Seit der Genfer Reformation hatte in der Kathedrale keine Messe mehr stattgefunden. Am Samstag war St-Pierre voll, und einige Gläubige mussten draussen bleiben.

«Gegenseitiges Vertrauen»

«Der Kirchenrat ist sich bewusst, dass er ein Ereignis mit sehr starker Symbolik schafft», sagte sein Präsident Daniel Pilly vor der Versammlung. «Eine Messe nach 486 Jahren ist eine bedeutsame Geste. Wir freuen uns, diesen Schritt tun zu können», betonte er und erinnerte an die «fruchtbare ökumenische Zusammenarbeit» zwischen den beiden Kirchen und «das gegenseitige Vertrauen».

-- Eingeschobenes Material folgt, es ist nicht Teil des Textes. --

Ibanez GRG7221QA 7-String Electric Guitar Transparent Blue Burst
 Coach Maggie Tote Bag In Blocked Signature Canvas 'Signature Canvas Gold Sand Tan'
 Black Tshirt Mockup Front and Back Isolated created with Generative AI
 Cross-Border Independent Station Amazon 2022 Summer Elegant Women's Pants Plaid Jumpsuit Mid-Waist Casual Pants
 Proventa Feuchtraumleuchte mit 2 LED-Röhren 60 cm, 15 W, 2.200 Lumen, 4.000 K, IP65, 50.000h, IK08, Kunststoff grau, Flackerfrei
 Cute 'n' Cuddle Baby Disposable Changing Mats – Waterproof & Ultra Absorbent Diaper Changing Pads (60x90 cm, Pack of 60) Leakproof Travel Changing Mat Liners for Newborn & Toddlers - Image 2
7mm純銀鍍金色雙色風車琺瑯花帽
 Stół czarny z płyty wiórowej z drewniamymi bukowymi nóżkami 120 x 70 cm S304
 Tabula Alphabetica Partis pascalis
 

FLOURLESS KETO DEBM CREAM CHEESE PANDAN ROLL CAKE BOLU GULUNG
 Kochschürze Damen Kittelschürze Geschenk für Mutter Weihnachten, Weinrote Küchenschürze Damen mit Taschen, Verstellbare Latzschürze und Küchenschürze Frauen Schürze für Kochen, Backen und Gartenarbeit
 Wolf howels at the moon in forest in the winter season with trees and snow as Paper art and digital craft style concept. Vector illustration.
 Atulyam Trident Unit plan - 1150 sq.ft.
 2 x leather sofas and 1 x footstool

Für Pilly ist die Kathedrale St. Pierre der Ort aller Christen in Genf: «Das Evangelium verbindet, aber wir behalten unsere Identität», sagte er. Abbé Pascal Desthieux teilte diese Ansicht: «Ihre Kathedrale ist die Mutterkirche unseres Kantons», sagte er und begrüsste, dass sich die Beziehungen zwischen Katholiken und Protestanten verändert haben: «Das bedeutet nicht, dass wir verschmelzen.»

Gebet für die Ukraine

Das Datum der Messe war der Beginn der Fastenzeit, einer Zeit der Busse. Die Zeremonie wurde durch den Aschenritus gekennzeichnet. Pfarrer Emmanuel Rolland legte die Asche auf die Stirn von Abbé Pascal Desthieux und dieser wiederum auf Rolland.

Die Zeremonie, die auch ein Gebet für den Frieden in der Ukraine beinhaltete, dauerte fast zwei Stunden und wurde mit starkem Applaus bedacht. Die Gläubigen verliessen den Ort, nachdem sie den Segen erhalten hatten.